Whisper Small Darija ASR trained on merged diarized datasets

This repository hosts a fine-tuned Whisper checkpoint for Moroccan Darija ASR trained on a merged corpus built from two Hugging Face datasets:

Fine-tuned on a merged Darija corpus built from TTS-clean metadata and speech-to-text metadata with diarization-derived analysis features and usability filtering.

Training data

This model was trained on a merged Darija speech corpus built from these two Hugging Face datasets:

Data preparation and analysis workflow

The merged corpus was not treated as a plain list of audio/transcript pairs. It was enriched with diarization-derived analysis features and ASR usability signals before training and evaluation. The workflow used the following ideas:

  • Speaker structure analysis: number of speakers, speaker turns, turns per minute, dominant-speaker ratio, second-speaker ratio, speaker-balance score, and speaker entropy.
  • Overlap analysis: overlap duration, overlap ratio, number of overlap regions, mean/max overlap region duration, and maximum concurrent speakers.
  • Transcript-length and pacing analysis: character length, approximate word length, token proxies, characters per second, and tokens per second.
  • Usability filtering: the corpus includes fields such as asr_usability_score, usability_score_custom, quality_bin, and trainability/filter flags. These were used to monitor whether a segment was likely to be useful for ASR fine-tuning.
  • Export control: training/evaluation used the 16 kHz successful audio-export paths (audio_path_16k) and focused on samples that were successfully prepared for training.

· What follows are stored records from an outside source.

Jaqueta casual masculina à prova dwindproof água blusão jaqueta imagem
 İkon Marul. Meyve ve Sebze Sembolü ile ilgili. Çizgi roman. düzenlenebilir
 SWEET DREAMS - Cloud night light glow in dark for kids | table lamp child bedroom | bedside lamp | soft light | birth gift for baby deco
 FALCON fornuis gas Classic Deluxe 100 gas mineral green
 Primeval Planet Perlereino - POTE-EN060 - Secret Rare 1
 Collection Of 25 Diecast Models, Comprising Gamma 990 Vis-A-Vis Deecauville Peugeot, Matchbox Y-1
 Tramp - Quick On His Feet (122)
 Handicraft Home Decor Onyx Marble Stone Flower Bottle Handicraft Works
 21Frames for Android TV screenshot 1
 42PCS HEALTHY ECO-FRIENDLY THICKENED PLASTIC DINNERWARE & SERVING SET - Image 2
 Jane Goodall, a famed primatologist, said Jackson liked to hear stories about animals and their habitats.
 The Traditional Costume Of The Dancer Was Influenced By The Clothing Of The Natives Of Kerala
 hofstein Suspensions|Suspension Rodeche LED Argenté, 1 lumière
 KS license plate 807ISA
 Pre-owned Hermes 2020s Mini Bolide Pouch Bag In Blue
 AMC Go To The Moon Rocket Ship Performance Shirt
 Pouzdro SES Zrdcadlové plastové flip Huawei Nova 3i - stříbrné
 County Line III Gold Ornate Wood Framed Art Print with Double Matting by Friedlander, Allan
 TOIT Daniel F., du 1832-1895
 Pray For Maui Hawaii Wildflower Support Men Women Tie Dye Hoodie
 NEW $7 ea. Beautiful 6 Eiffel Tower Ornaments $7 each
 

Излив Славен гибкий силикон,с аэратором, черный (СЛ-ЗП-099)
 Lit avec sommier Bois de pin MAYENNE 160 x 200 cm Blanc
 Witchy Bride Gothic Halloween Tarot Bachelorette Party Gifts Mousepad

Why diarization and usability scores matter

These metadata were used to understand where the model fails, not only how much it fails. In practice, they let us stratify results by:

  • single-speaker vs multi-speaker speech,
  • overlap vs no overlap,
  • slow / medium / fast speaking rate,
  • short / medium / long transcripts,
  • source dataset and original split,
  • harder vs easier segments according to the usability-related fields.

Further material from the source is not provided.